3. Jurnal rujukan BMKG

Di situsnya, BMKG memaparkan sejumlah rujukan mengenai adanya indikasi pengaruh cuaca dan iklim dalam mendukung penyebaran virus Corona Covid-19. Beberapa di antaranya adanya penelitian Araujo dan Naimi pada 2020, Chen et. al. (2020), Luo et. al. (2020), Poirier et. al. (2020), Sajadi et.al. (2020), Tyrrell et. al. (2020), dan Wang et. al. (2020).

Tim CekFakta Tempo pun memeriksa penelitian tersebut dan menemukan bahwa beberapa di antaranya belum melalui peer review atau penilaian sejawat. Peer review merupakan sebuah proses pemeriksaan oleh pakar lain yang memiliki keahlian di bidang penelitian yang diperiksa. Peer review bertujuan untuk membuat sebuah penelitian memenuhi standar disiplin ilmiah dan standar keilmuan.

Penelitian Miguel B. Araujo dan Babak Naimi pada 2020 berjudul “Spread of SARS-CoV-2 Coronavirus likely to be constrained by climate” yang dipublikasikan di Medrxiv belum melalui peer review. Laporan tersebut merupakan penelitian medis baru yang belum dievaluasi sehingga tidak boleh digunakan sebagai panduan praktik klinis.
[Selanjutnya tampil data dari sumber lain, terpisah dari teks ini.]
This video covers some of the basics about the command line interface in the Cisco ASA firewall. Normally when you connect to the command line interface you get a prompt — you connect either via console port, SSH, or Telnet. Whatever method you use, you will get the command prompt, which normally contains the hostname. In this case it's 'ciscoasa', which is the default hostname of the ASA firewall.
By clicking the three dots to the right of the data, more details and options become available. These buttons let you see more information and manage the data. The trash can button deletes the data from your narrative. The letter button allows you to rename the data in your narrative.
Dua penelitian lainnya yang belum melalui peer review adalah penelitian oleh Luo et. al. (2020) yang berjudul “The role of absolute humidity on transmission rates of the COVID-19 outbreak” dan oleh Tyrrell et. al. (2020) yang berjudul “Preliminary evidence that higher temperatures are associated with lower incidence of COVID-19, for cases reported globally up to 29th February 2020”.
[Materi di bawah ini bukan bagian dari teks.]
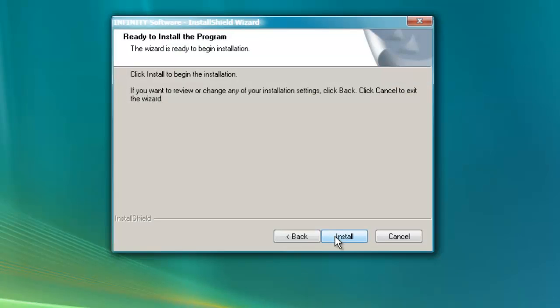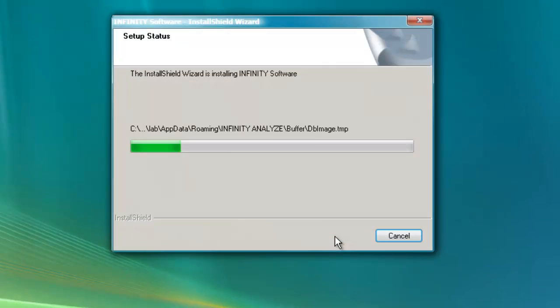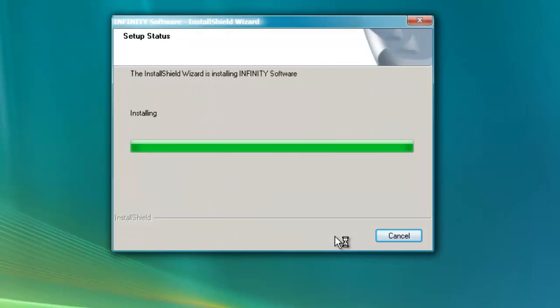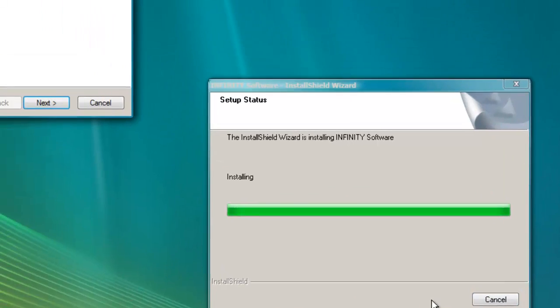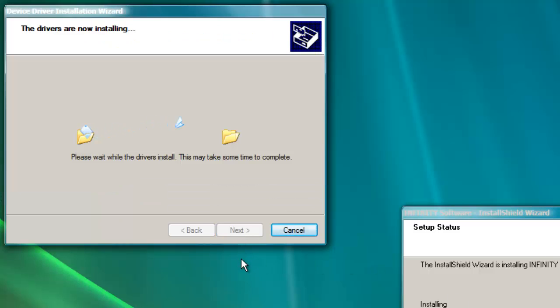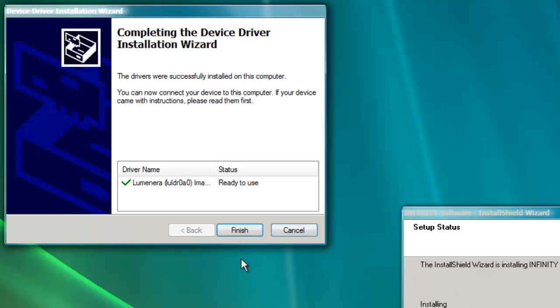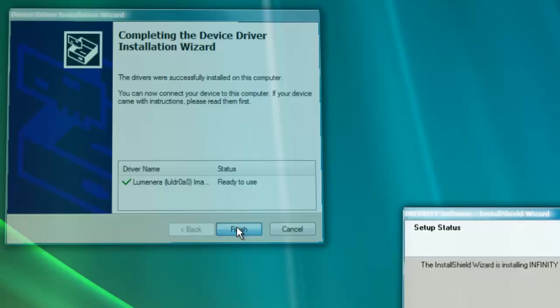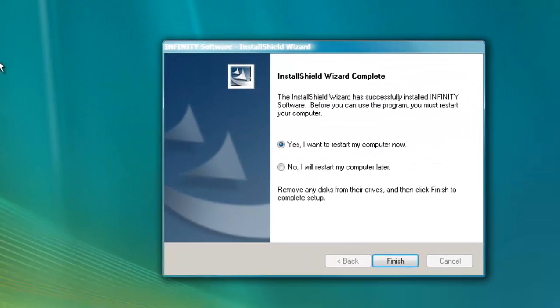This screen asks you to confirm the installation. A dialog pops up to install the software drivers. Finish the driver installation.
Ahli epidemiologi dan peneliti pandemi. Dicky Gunawan, dalam sebuah wawancara di MetroTV, menjelaskan bahwa sejumlah penelitian pendahuluan yang menyatakan kaitan antara cuaca dan penyebaran virus Corona SARS-CoV-2 penyebab Covid-19 belum bisa dibuktikan. Apalagi, banyak fakta yang belum mendukung teori-teori bahwa cuaca panas bisa menghambat penularan virus tersebut.

Dicky mencontohkan kasus Covid-19 yang terjadi Brasil. Di negara tropis yang terletak di Benua Amerika ini, kasus Covid-19 telah mencapai 11 ribu kasus dengan kematian sekitar 500 orang. Dalam sejarah pandemi, kata dia, tidak satu pun yang berkaitan dengan iklim. WHO pun telah mengeluarkan rekomendasi bahwa pencegahan Covid-19 tidak berkaitan dengan iklim atau suhu tertentu. “Ketika di-declare sebagai pandemi, semua negara akan berpotensi terkena,” kata Dicky pada 6 April 2020.
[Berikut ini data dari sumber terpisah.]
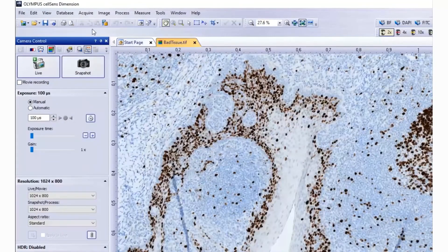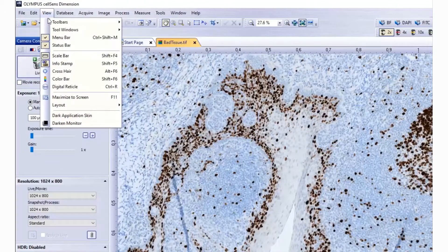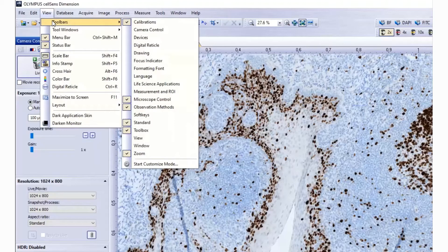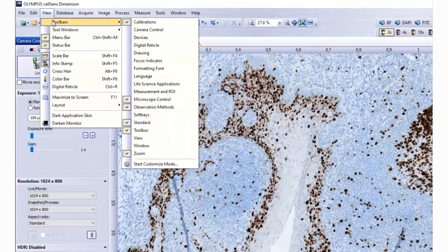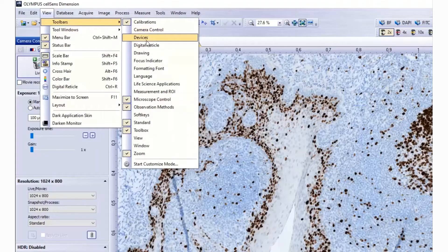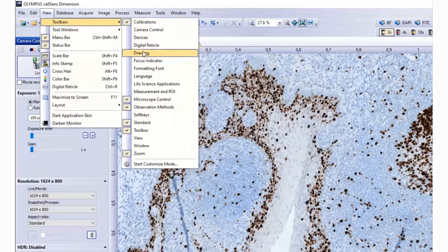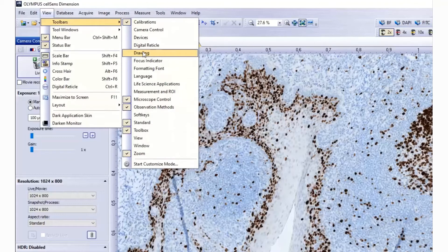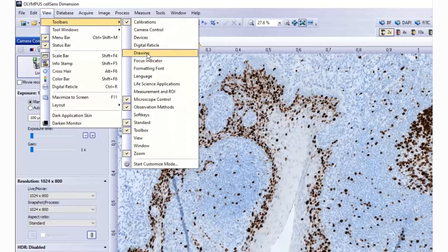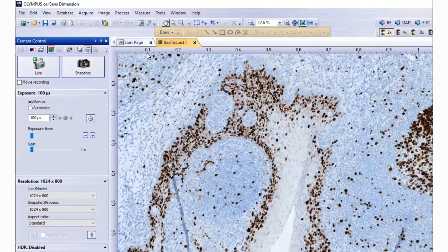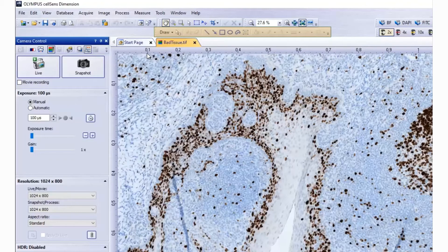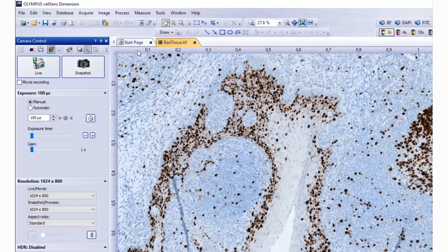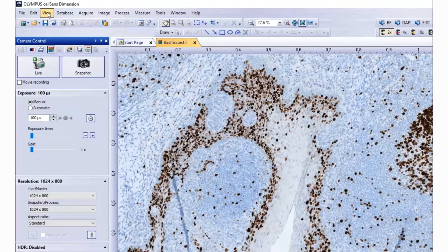Use the View Toolbars command to make specific toolbars appear or disappear. A checkmark in front of the name of the toolbar shows that this toolbar is on display. To make a toolbar appear, select a toolbar without a check next to it. To make a toolbar disappear, select one of the toolbars with a check.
Menurut Dicky, dengan adanya pandemi Covid-19, banyak penelitian pendahuluan yang diterbitkan tanpa melalui peer review. Idealnya, sebuah penelitian selesai membutuhkan waktu hingga satu tahun. Karena itu, penelitian-penelitian pendahuluan tersebut membutuhkan waktu untuk dibuktikan kebenarannya. Ia menyarankan agar setiap negara lebih berfokus melakukan intervensi langsung untuk mengatasi pandemi Covid-19. “Biarlah (teori-teori) ini nanti menjadi bonus apabila benar (ada kaitan antara cuaca panas dengan penyebaran Covid-19),” kata Dicky.

KESIMPULAN

Berdasarkan pemeriksaan fakta di atas, klaim bahwa virus Corona Covid-19 tidak kuat dengan cuaca di wilayah seperti Indonesia belum bisa dibuktikan. Fakta-fakta menunjukkan bahwa kasus Covid-19 juga terjadi di sejumlah negara tropis dengan suhu lebih dari 30 derajat Celcius. Beberapa penelitian pendahuluan yang digunakan oleh BMKG juga belum melalui peer review dan belum bisa dibuktikan hingga artikel ini dimuat.

IKA NINGTYAS

Anda punya data/informasi berbeda, kritik atau masukan untuk artikel cek fakta ini? Kirimkan ke [email protected]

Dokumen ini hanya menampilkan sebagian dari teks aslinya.